Paranormal phenomena, aliens, magnetism have all been used to explain gravity hills, but the real answer lies within. It is an optical illusion.

Luigi Garlaschelli—chemist, science communicator and professional skeptic–wrote the paper on these hills. He explains, “There are many pseudo-scientific explanations because the illusion is really compelling… of course, there are no magnetic effects because the thing happens even if you use a plastic ball, or if you pour water on the ground.”

Garlaschelli lives in Italy and has always been interested in strange phenomena. He has investigated weeping statues, the Shroud of Turin, haunted houses, spirits, seances, UFOs, sea monsters and even spent a few nights in a cemetery trying to catch a Will-O’-The-Wisp–an elemental spirit that appears as a small flame to travelers.

His paper Antigravity Hills Are Visual Illusions (Bressan et al., 2003), finds that gravity hills are an optical illusion created by the surrounding landscape and the observer’s point of view.

Finding a scientific explanation for gravity hills is easier said than done. If there was a gravitational anomaly at the hill, measuring its slope with a spirit level or a plum line wouldn’t work because those, too, would be affected.

So they build their own gravity hill, a tabletop diorama version. It consists of a few boards slanted at various grades inside a box dressed up with model trees, grass, a blue screen to simulate the sky, and a pin hole to look through. Volunteers would look through the pinhole and report what they saw.

Garaschelli says with this model, “We could reproduce the phenomenon in the lab.”

There are two common types of gravity hills. The most common type is caused by the presence of contextual inclines. This type usually looks like two flanking roads, one sloping sharply downhill and the other sloping slightly downhill.
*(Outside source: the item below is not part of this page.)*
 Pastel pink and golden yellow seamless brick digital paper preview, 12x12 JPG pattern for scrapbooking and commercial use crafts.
Tabletop model of a gravity hill created by contextual lines. Bressan, P., Garlaschelli, L., & Barracano, M. (2003). Antigravity Hills Are Visual Illusions. Psychological Science, 14(5), 441–449. https://doi.org/10.1111/1467-9280.02451

“The effect is that your perception of what horizontal is misled by the presence of the stronger downhill road…so that the whole landscape is slightly tilted in your perception. And the slightly downhill road seems to be slightly uphill,” says Garlaschelli.
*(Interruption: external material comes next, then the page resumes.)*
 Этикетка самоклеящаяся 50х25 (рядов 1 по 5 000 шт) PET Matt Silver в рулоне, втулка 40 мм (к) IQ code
The gravity hill in Prosser is the other type. Instead of the illusion being caused by two flanking roads of different grades, this illusion is caused by a false horizon. Prosser sits on the foothills of the Lower Yakima Valley. Looking out from this hill, you can see the other side of the valley, with hills low in the background.

Tabletop model of a gravity hill, similar to the one on North Crosby Road in Washington, created by a false horizon. Bressan, P., Garlaschelli, L., & Barracano, M. (2003). Antigravity Hills Are Visual Illusions. Psychological Science, 14(5), 441–449. https://doi.org/10.1111/1467-9280.02451

Garlaschelli says this is what creates the illusion. “You have a flat ground slightly tilted downhill with low hills in the background. And the illusion is that the road is going slightly uphill.”

It is a forced perspective. Almost all the time, when we look at hills, we are looking up at them, so our brain assumes that we are looking up this road. But really, we are looking down.

The hills of the other side of the Lower Yakima Valley can be seen low on the horizon from North Crosby Road

Garlaschelli says another reason this illusion is so compelling is because people are not accustomed to seeing optical illusion in a natural environment.

“Generally, when you think of an optical illusion, you think of you know those strange drawings with lines or something moving on a screen. But in a natural environment, I can only think of this one and probably the Moon illusion. When you feel that the Moon is much bigger when it is low on the horizon than when it is up in the sky,” says Garlaschelli.

While this hill may not be supernatural, North Crosby Road lies where the spooky and the scientific intersect.